=== Data ===
----
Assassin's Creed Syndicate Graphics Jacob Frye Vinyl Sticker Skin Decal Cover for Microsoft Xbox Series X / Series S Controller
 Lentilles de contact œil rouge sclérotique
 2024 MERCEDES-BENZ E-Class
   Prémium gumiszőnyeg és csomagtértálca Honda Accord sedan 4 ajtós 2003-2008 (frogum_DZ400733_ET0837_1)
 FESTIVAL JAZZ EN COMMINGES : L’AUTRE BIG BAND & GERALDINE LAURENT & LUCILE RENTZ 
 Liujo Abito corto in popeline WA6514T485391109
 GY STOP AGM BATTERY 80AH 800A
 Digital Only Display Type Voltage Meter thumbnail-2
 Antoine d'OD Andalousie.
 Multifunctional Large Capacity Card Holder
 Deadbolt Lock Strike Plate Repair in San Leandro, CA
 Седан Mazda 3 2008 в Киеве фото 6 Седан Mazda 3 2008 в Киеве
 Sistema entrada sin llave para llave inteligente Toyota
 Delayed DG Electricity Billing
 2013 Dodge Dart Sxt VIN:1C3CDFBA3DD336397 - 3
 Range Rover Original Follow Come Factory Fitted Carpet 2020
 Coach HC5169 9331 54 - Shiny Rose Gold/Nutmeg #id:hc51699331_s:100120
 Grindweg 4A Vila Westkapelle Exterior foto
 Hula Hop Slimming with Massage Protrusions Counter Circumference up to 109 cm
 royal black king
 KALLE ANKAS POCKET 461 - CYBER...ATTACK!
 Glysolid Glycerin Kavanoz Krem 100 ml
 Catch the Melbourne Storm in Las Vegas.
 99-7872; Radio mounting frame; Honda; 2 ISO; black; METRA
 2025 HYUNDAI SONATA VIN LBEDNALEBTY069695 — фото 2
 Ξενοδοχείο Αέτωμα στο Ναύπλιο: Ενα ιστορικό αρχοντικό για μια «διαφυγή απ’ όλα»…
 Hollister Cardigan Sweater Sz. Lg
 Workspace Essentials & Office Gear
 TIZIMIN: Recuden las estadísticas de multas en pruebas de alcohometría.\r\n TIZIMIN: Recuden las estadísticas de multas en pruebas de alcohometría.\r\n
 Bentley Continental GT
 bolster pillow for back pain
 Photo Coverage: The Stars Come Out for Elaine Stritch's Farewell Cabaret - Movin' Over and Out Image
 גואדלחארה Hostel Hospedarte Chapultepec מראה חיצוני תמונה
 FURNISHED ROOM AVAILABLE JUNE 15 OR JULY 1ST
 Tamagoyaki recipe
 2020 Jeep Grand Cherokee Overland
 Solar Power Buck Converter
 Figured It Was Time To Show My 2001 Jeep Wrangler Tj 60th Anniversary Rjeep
----
=== Aim of the exercise ===
Find the lines that mention "Come" in the entries and show them.

=== Written answer ===
 Range Rover Original Follow Come Factory Fitted Carpet 2020
 Photo Coverage: The Stars Come Out for Elaine Stritch's Farewell Cabaret - Movin' Over and Out Image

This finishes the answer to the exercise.